David Brodner sugiere que al menos 30 minutos antes de dormir, se debe empezar con preparativos y actividades relajantes como escuchar música o leer.
Reemplazar los pensamientos negativos con positivos, como un diario de gratitud, puede ser beneficioso.
Michael Breus indica que escribir tres a cinco cosas agradecidas cada noche puede tener un gran impacto positivo.
La respiración profunda no solo combate el estrés sino que también ayuda a conciliar el sueño.
Breus sugiere una técnica de respiración 4-7-8: inhalar contando hasta cuatro, mantener la respiración hasta siete y exhalar contando hasta ocho.
Tensar y relajar todos los músculos, comenzando por los dedos de los pies hasta la cabeza, es una técnica relajante que desvía la atención de pensamientos o factores estresantes.
Mantener horarios regulares para acostarse y levantarse es fundamental para una buena higiene del sueño.

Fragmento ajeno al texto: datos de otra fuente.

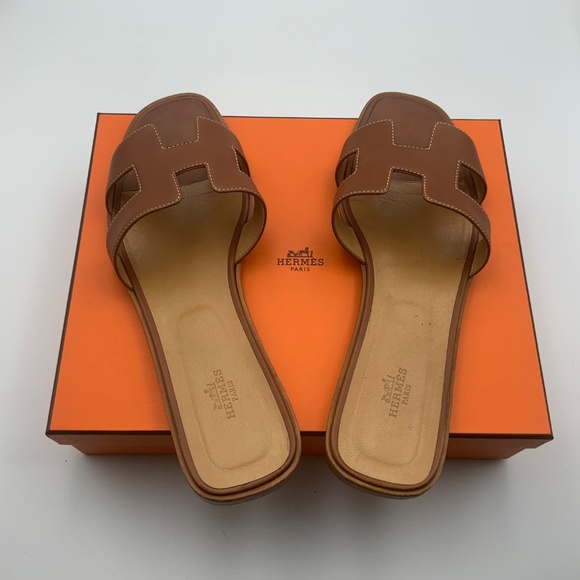 HERMES ORAN WOMENS LEATHER SANDAL - Picture 2 of 5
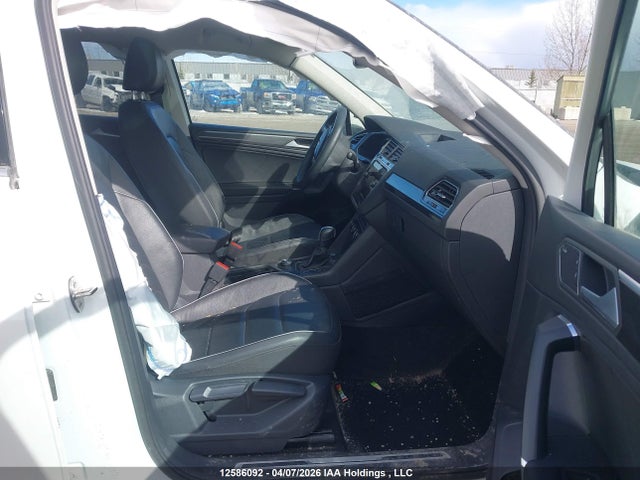 12586092 :رقم المزاد ، 3VV4B7AX3LM162577 vin ، 2020 Volkswagen Tiguan Sel Premium R-line مزاد بيع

Breus indica que acostarse cuando el cerebro no está listo para dormir solo mantiene la mente ocupada y despierta.
Para aquellos que se despiertan a mitad de la noche, existen varias estrategias específicas que pueden ayudar a calmar la mente y facilitar el retorno al sueño.
Salir de la cama: Lawrence Chan sugiere levantarse de la cama después de unos 20 minutos de preocupación para evitar asociar la cama con insomnio.
Realizar una actividad relajante y volver a la cama al sentir sueño es ideal para mejorar la eficiencia del sueño.
Disminuir la frecuencia cardíaca: Repetir técnicas de respiración o relajación muscular puede ayudar a reducir la frecuencia cardíaca y desviar la mente de los pensamientos.
Escribir las preocupaciones: David Brodner recomienda tener una libreta para anotar las preocupaciones durante la noche.
Esto ayuda a despejar la mente.
Encender el televisor (y entrecerrar los ojos): Ver una película o programa de televisión querido puede ayudar a distraer la mente de las preocupaciones.
Aunque los televisores emiten luz azul, su ubicación distante y la acción de entrecerrar los ojos puede reducir el impacto negativo.
Sin embargo, la mayoría de las pautas de sueño desaconsejan ver televisión en la cama.